EXERCISE AIM: Given the listing below, write out exactly the lines starting with the line that has "une chambre avec" and going on through the line that has "Balanced Learning Center", both kept.

MATERIAL SHOWN:
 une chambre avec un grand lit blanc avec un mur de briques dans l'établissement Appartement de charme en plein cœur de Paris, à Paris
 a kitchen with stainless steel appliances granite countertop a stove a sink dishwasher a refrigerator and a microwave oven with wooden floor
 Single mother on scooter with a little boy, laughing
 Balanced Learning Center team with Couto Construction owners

---

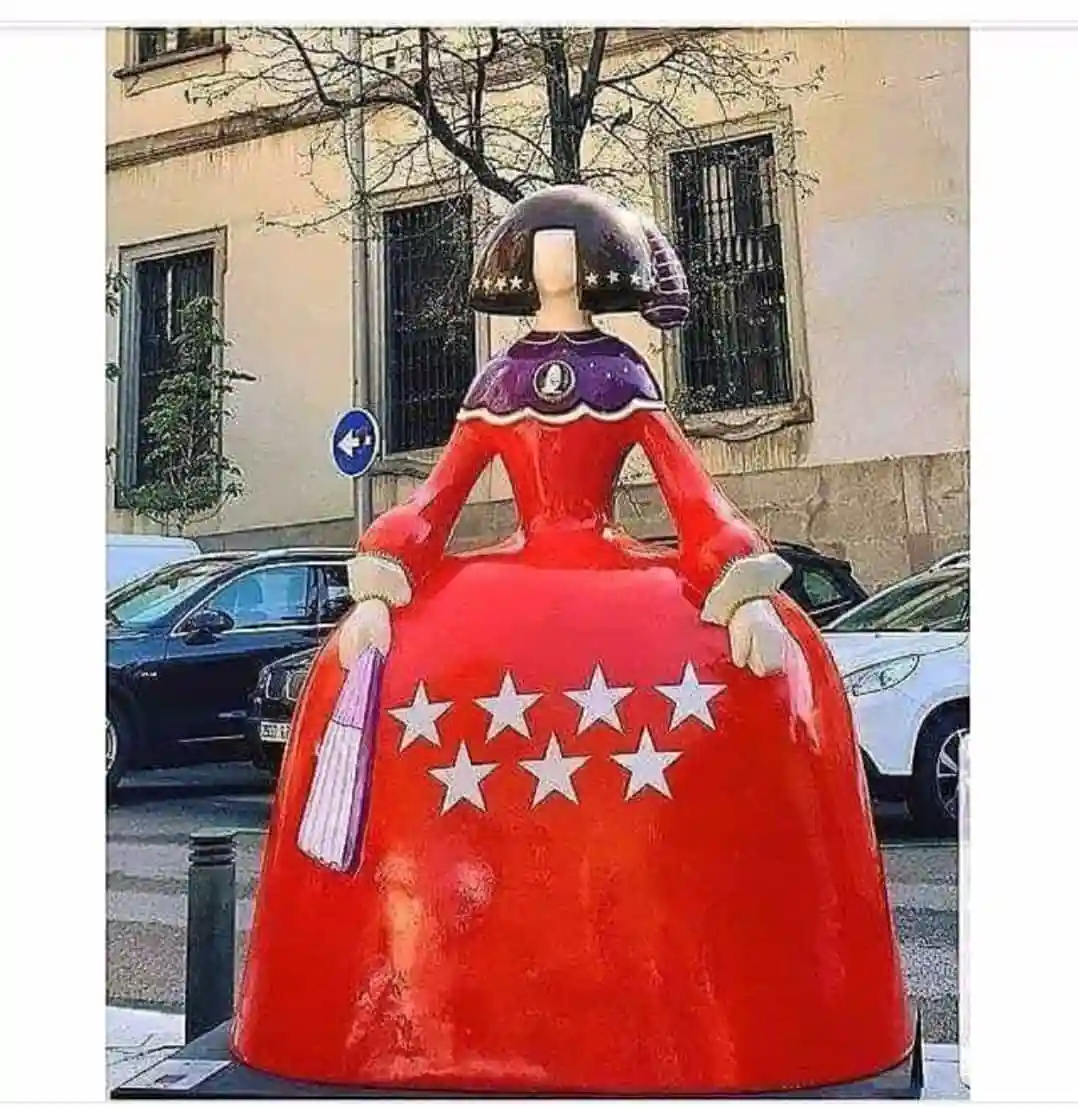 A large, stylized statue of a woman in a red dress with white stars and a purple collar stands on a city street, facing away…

WRITTEN SOLUTION:
 une chambre avec un grand lit blanc avec un mur de briques dans l'établissement Appartement de charme en plein cœur de Paris, à Paris
 a kitchen with stainless steel appliances granite countertop a stove a sink dishwasher a refrigerator and a microwave oven with wooden floor
 Single mother on scooter with a little boy, laughing
 Balanced Learning Center team with Couto Construction owners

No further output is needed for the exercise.